Mixed results have also been reported in studies of DBS targeting the globus pallidus internus (GPi). Positive effects have included increased gait velocity, improvements in preparatory postural adjustments for gait initiation and improved responses to small balance perturbations. Conversely, other authors have reported declines in aspects of gait initiation and no improvements in response to external perturbations. It should be noted, however, that there is much less information available about the effects of GPi stimulation on gait and balance.
When GPI and STN stimulation are directly compared for outcomes on gait and balance, GPi stimulation has seemed to be better in terms of balance confidence (which has been shown to reflect the risk of falling), rate of severe falls (which were fewer after GPi), automatic postural responses, step velocity and response to external perturbations. Other studies have found no difference between STN and GPi for balance and gait outcomes.
Movement disorders specialists are now well aware that the current applications of DBS for PD do not adequately address gait and balance problems. Current efforts to remedy this situation include trials aimed at combining the use of specific medications and DBS, studies of different brain targets for DBS (particularly the pedunculopontine nucleus), and the use of new imaging techniques to try to learn how to individualize DBS to be tailored to the particular brain anatomy of each individual person.

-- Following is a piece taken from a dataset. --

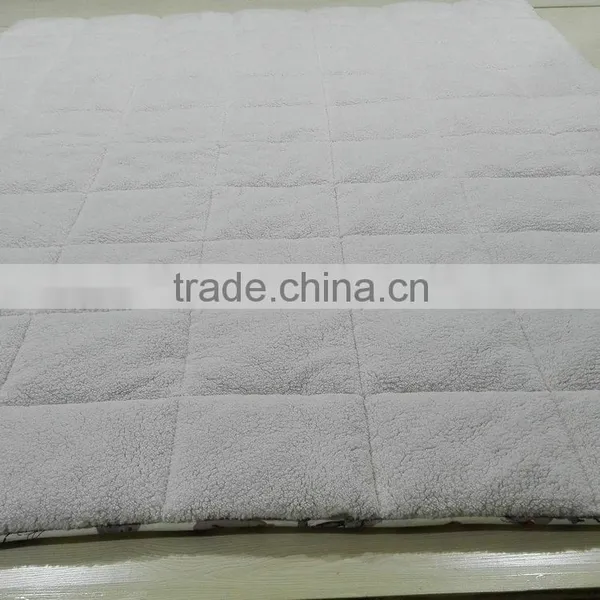 Import China Products Factory Sale Microfiber Quilt, Lamb Fleece Comforter .de photo-3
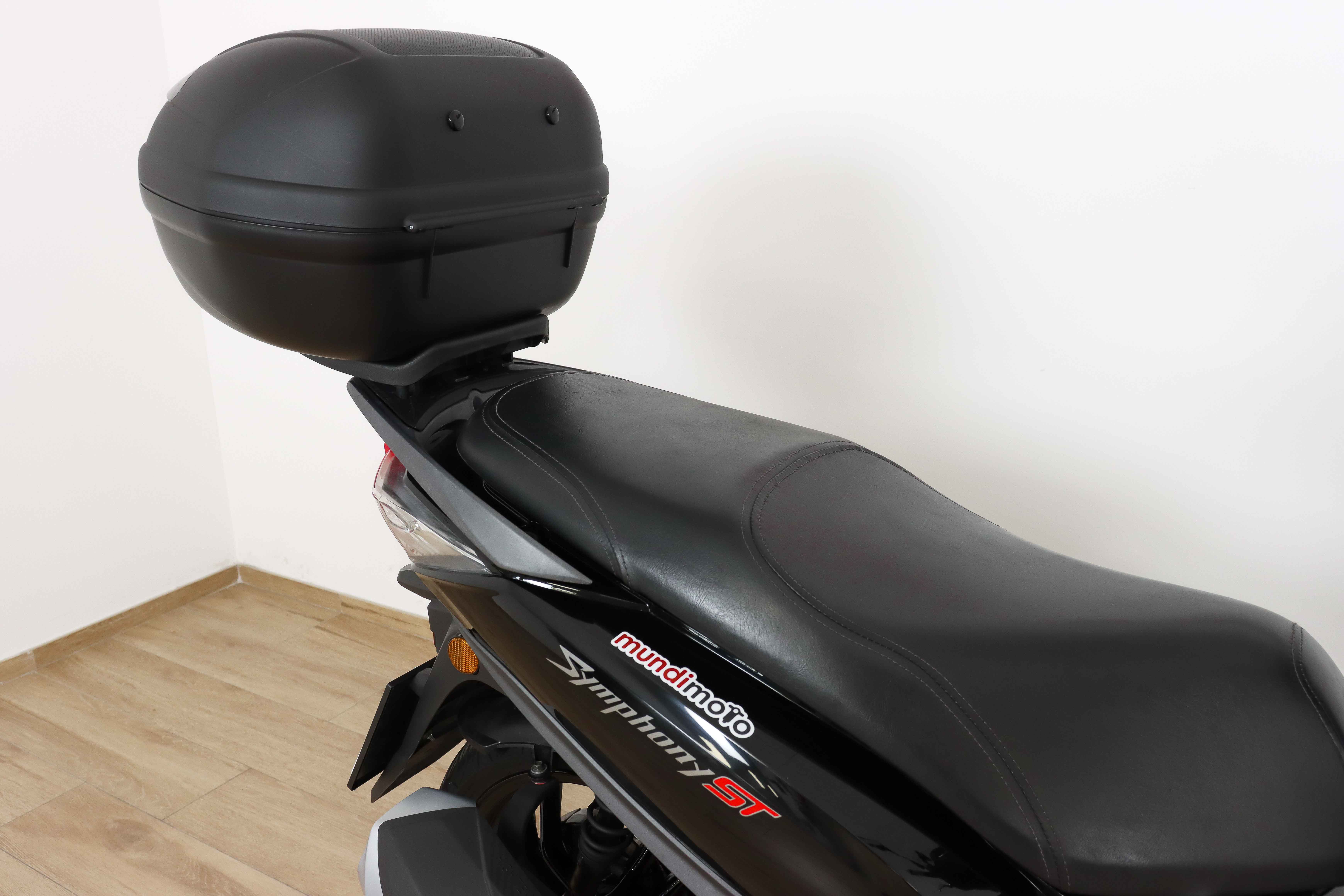 SYM Symphony ST 200i CBSSYM4 SYM Symphony ST 200i CBSSYM4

Gait and balance control is complex. Normal aging, ET and PD can all contribute to impairments in both gait and balance. Medications used in the treatment of ET and PD also can impact these activities. Understanding of the effect of DBS on gait and balance control in ET and PD requires an understanding of the underlying factors that control normal functioning, the impact of the neurodegenerative disorders on these activities and an appreciation for the complexity of study designs currently used to help elucidate these effects. Further research is needed to help differentiate the effects of multiple variables (including surgical targets, programming techniques, medication choices and patient-related factors) in order to arrive at better predictive models that can be used to help counsel patients with regard to the likely outcome of DBS surgery upon gait and balance.